Outside the realm of academia, ghostwriting can still provide stumbling blocks. It seems to work just fine if the original author is dead: V.C. Andrews still manages to crank out bestsellers thanks to her ghostwriter (link via Jerry Kindall, long ago) and everyone seems perfectly content with the arrangement (although Ms. Andrews could not be reached for comment). Consider, however, the dispute over Nancy Drew. Nancy Drew, along with the Hardy Boys, the Rover Boys, the Bobbsey Twins, Tom Swift, the X Bar X Boys, and other series characters, was created by Stratemeyer Syndicate, the brainchild of prolific turn-of-the-century children’s author Edward Stratemeyer, who found himself able to invent scenarios and series faster than he could write them. Stratemeyer hired a stable of ghostwriters and published each series under the name of a single, fictional author, leaving the true authorship of Nancy Drew open to dispute for decades. Harriet Adams — Stratemeyer’s daughter, as well as an editor for and eventual head of the syndicate — claimed for years to be the real Caroline Keene. Ilana Nash’s capsule biography of Adams notes that she "interpreted the word ‘writing’ to mean more than strictly the production of a manuscript," and after Adams’ death in 1982 Mildred Benson stepped forward to be counted. Benson, an author and journalist who had been a professional writer for almost seventy years, received her rightful acclaim in 1993, when it was acknowledged that she had written the earliest Nancy Drew books, but the syndicate system seems guaranteed to produce bitterness in authors who receive little monetary compensation and less public acclaim for their work.
Is it better to be a ghostwriter for a poltician, perhaps? Nobody’s quite sure who wrote and researched what in John Kennedy’s Profiles in Courage, but someone won a Pulitzer. Malcolm Moos, who coined the phrase "military-industrial complex" for Eisenhower, eventually got his due. And John Jay, who helped craft George Washington’s farewell address was a Chief Justice.
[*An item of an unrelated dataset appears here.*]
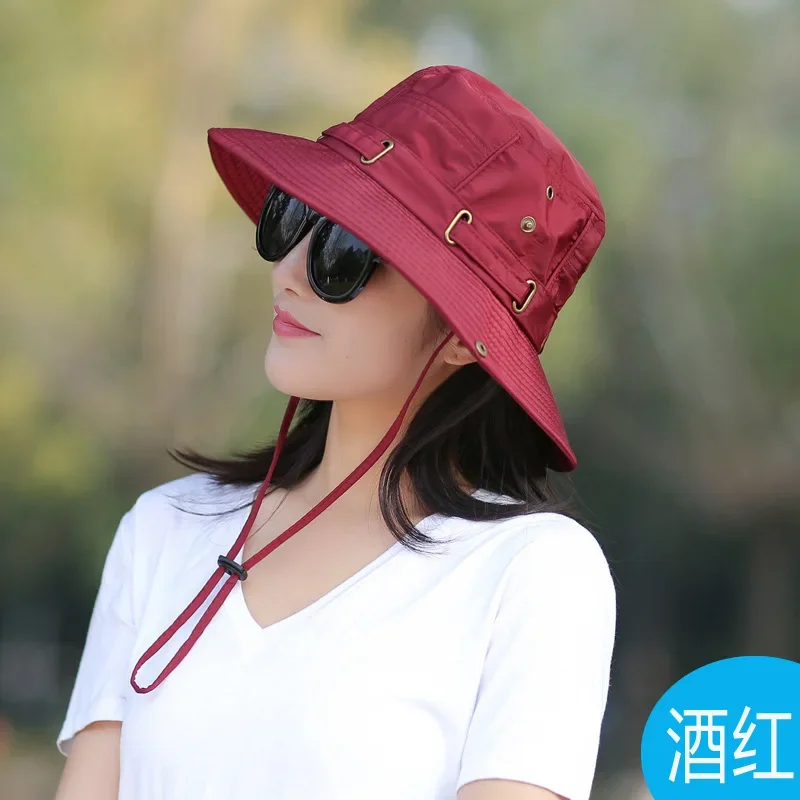 Unisex Summer Sunscreen Wide Brim Bucket Hats Women UV Protection Waterproof Panama Caps Hunting Sun Fisherman Hat for Mens Bob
And even today some ghostwriters have gone on to share their talents with a larger and presumably more appreciative world: Pat Buchanan, Peggy Noonan, Ben Stein, Barbara Walters. On reflection, perhaps it would be best to set the Stephen Ambrose book aside and pick up the memoirs of Ulysses S. Grant — he was a mediocre president, but they make for great reading. And he wrote them all by himself.